(Source records)

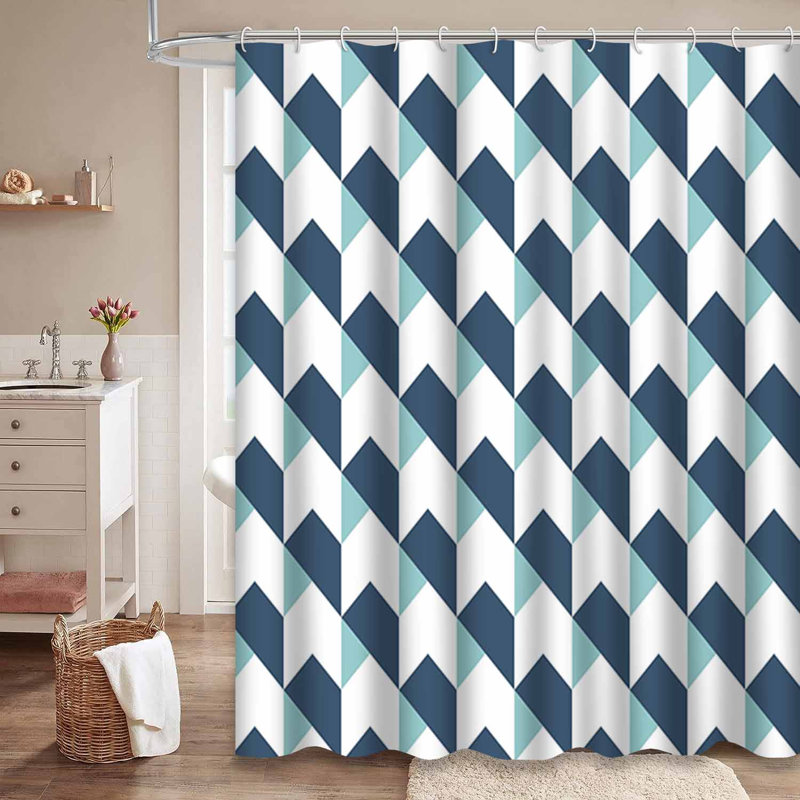 Rideau de douche géométrique à chevrons blancs avec 12 crochets, L 72 po x l 78 po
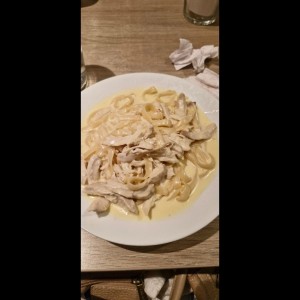 Pastas Especialidades - Fettucine Pollo Alfredo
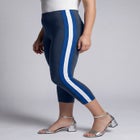 Everyday Stretch Cotton Capri Legging image number 0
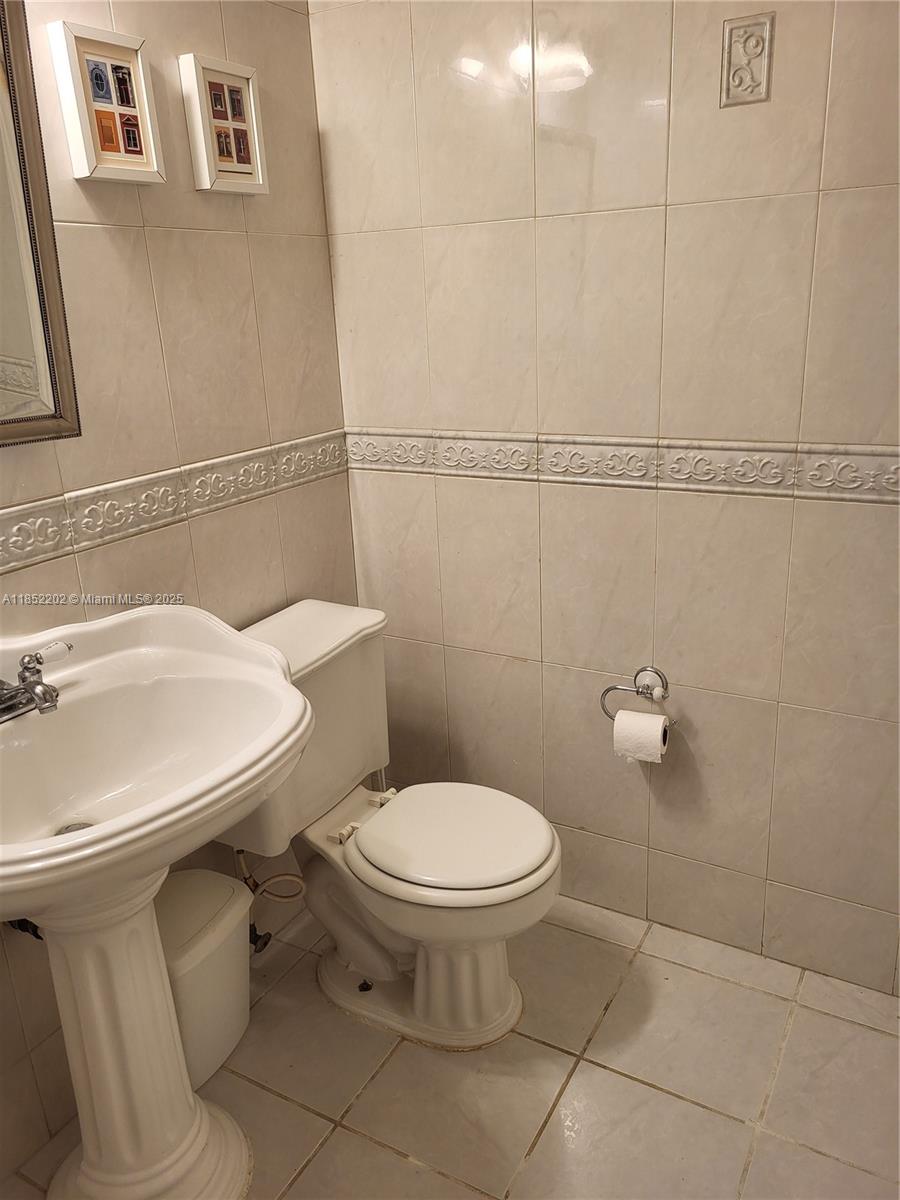 Photo of 3475 Country Club Dr  #704, Aventura, Florida, 33180 - 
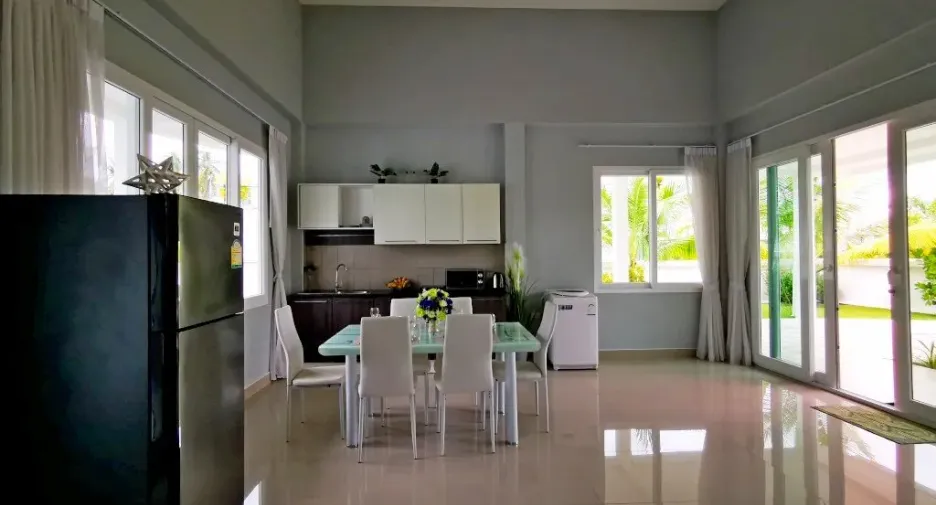 Haus zum Kauf und zur Miete mit 3 Zimmer in Bang Saray, Pattaya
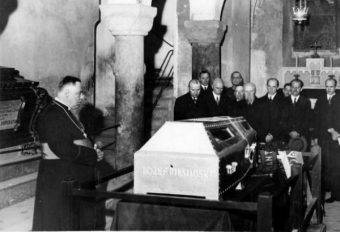 Uczczenie pamięci Józefa Piłsudskiego przy jego sarkofagu na Wawelu w 1935 roku.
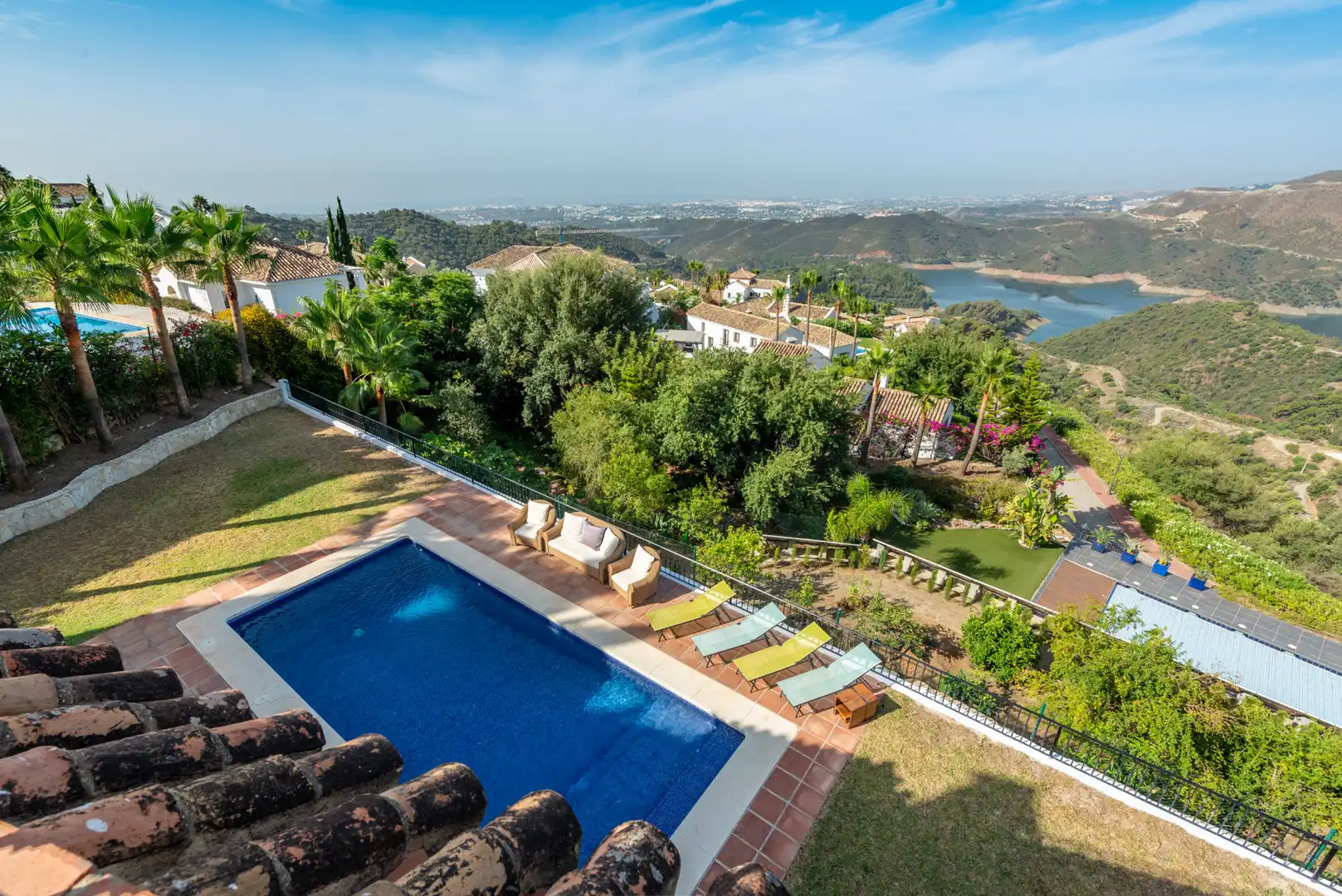 Casa amb piscina en venda a Istán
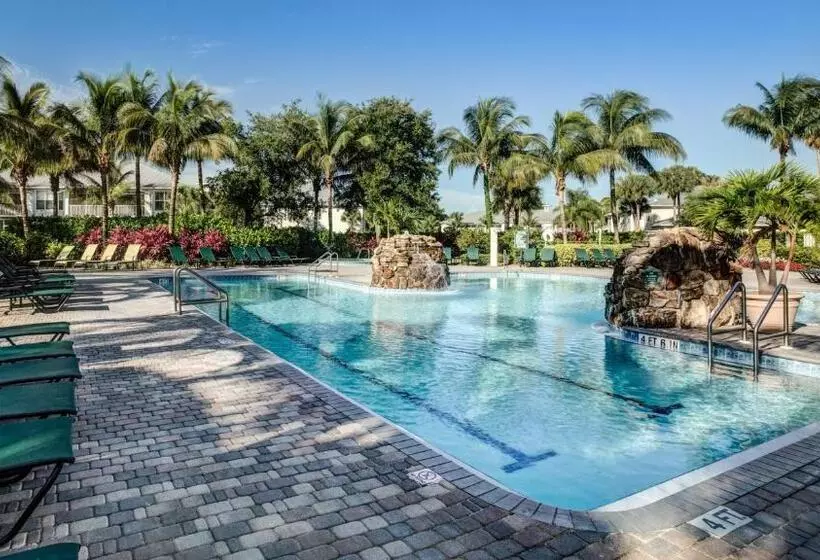 هتل Greenlinks Golf Villas At Lely Resort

**Exercise goal**: Each line from the one holding "Everyday Stretch Cotton" through the final line of the data needs to be transcribed exactly. Include both ends, skip the pictures, and add nothing.

**Written answer**:
 Everyday Stretch Cotton Capri Legging image number 0
 Photo of 3475 Country Club Dr  #704, Aventura, Florida, 33180 - 
 Haus zum Kauf und zur Miete mit 3 Zimmer in Bang Saray, Pattaya
 Uczczenie pamięci Józefa Piłsudskiego przy jego sarkofagu na Wawelu w 1935 roku.
 Casa amb piscina en venda a Istán
 هتل Greenlinks Golf Villas At Lely Resort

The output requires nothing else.